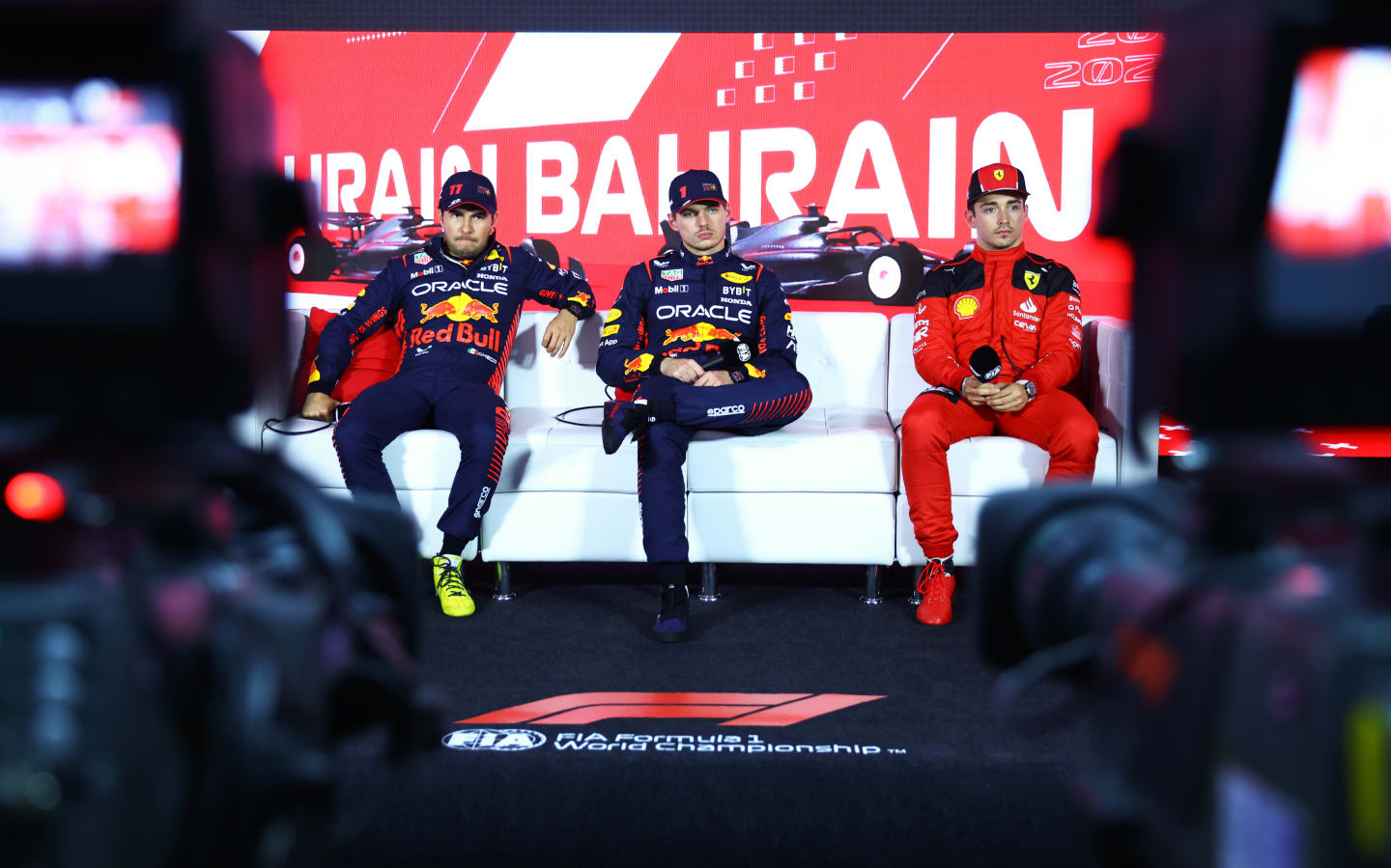 BAHRAIN, BAHRAIN - MARCH 04: Pole position qualifier Max Verstappen of the Netherlands and Oracle Red Bull Racing (C), Second placed qualifier Sergio Perez of Mexico and Oracle Red Bull Racing (L) and Third placed qualifier Charles Leclerc of Monaco and Ferrari (R) attend the press conference after qualifying ahead of the F1 Grand Prix of Bahrain at Bahrain International Circuit on March 04, 2023 in Bahrain, Bahrain. (Photo by Dan Istitene/Getty Images)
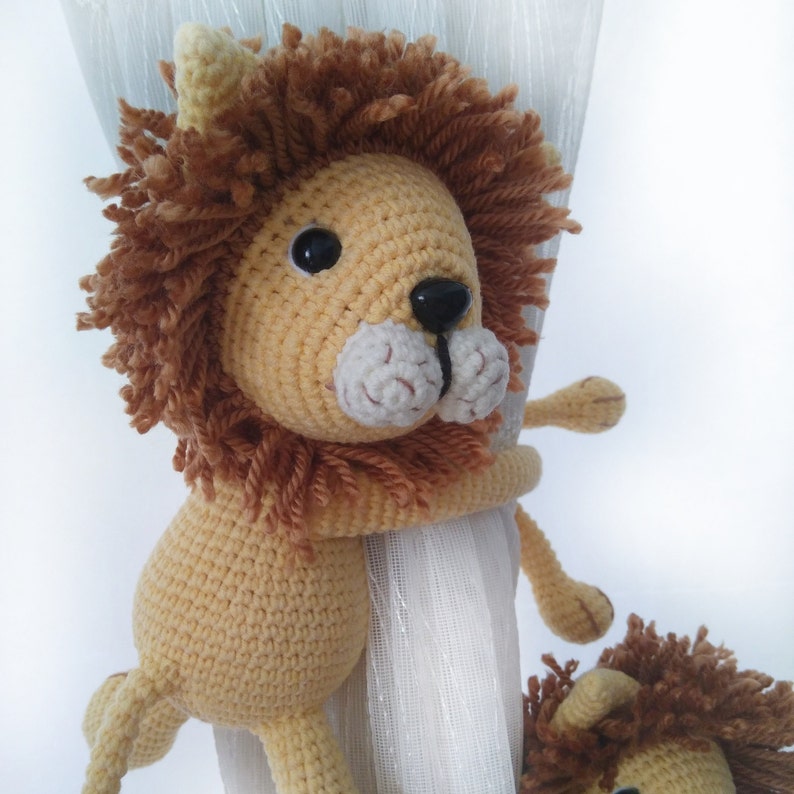 May include: A crocheted lion toy with a brown mane and a white face. The lion is holding onto a white curtain with its paws.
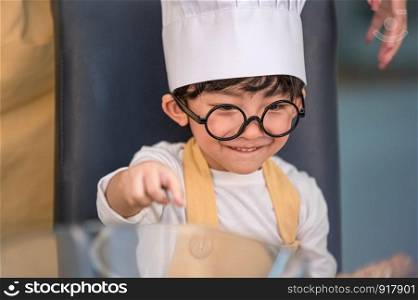 Portrait cute little Asian happy boy interested in cooking with mother funny in home kitchen. People lifestyles and Family. Homemade food and ingredients concept. Baking Christmas cake and cookies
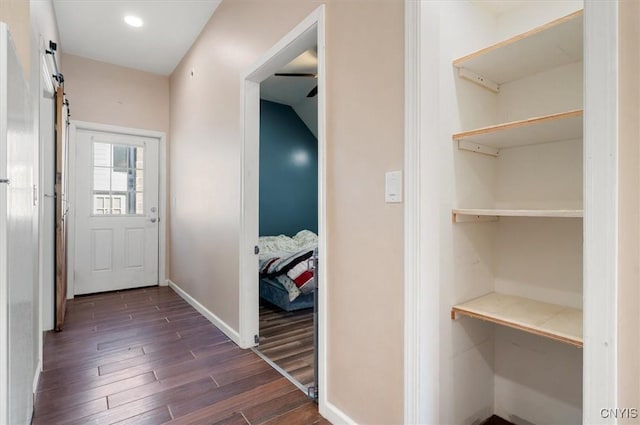 corridor featuring dark wood-type flooring, baseboards, and recessed lighting
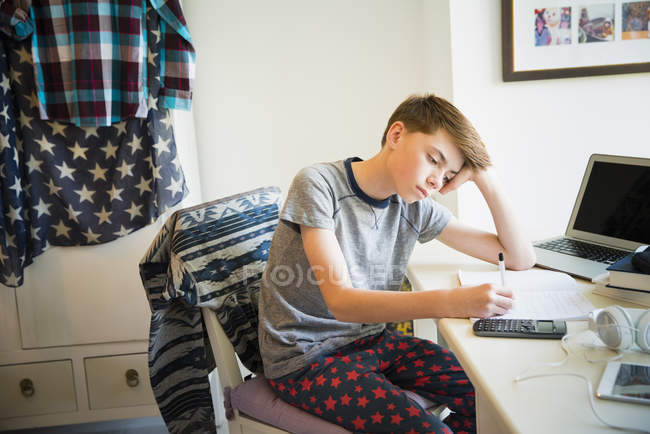 Скучный мальчик делает домашнее задание по математике в спальне — стоковое фото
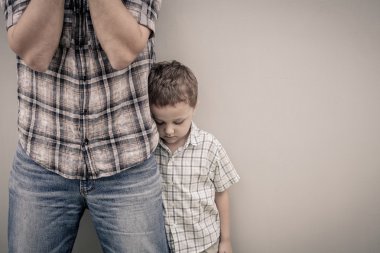 üzgün oğlu, babasının duvarının yakınında sarılma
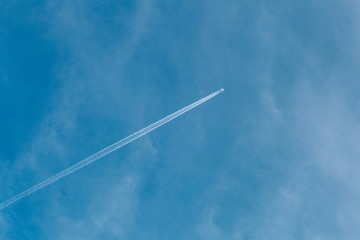 Blue sky with light clouds and traces of flying aircraft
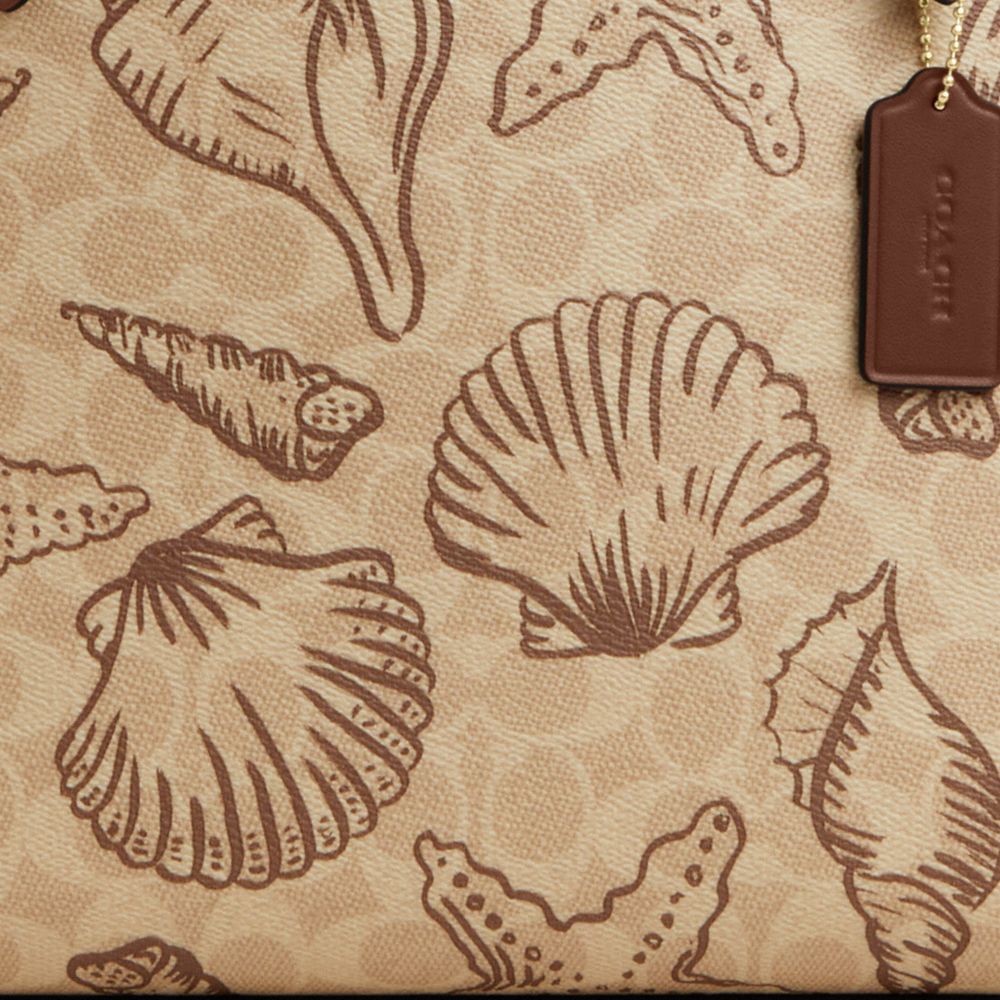 COACH®,Mollie Tote Bag In Signature Canvas With Shell Print,,Closer View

------------------------------

## What the exercise asks
In the material above, one part opens with the line containing "May include: A" and closes with the line containing "Blue sky with". Write out that part exactly and skip its pictures.

## Answer for this exercise
 May include: A crocheted lion toy with a brown mane and a white face. The lion is holding onto a white curtain with its paws.
 Portrait cute little Asian happy boy interested in cooking with mother funny in home kitchen. People lifestyles and Family. Homemade food and ingredients concept. Baking Christmas cake and cookies
 corridor featuring dark wood-type flooring, baseboards, and recessed lighting
 Скучный мальчик делает домашнее задание по математике в спальне — стоковое фото
 üzgün oğlu, babasının duvarının yakınında sarılma
 Blue sky with light clouds and traces of flying aircraft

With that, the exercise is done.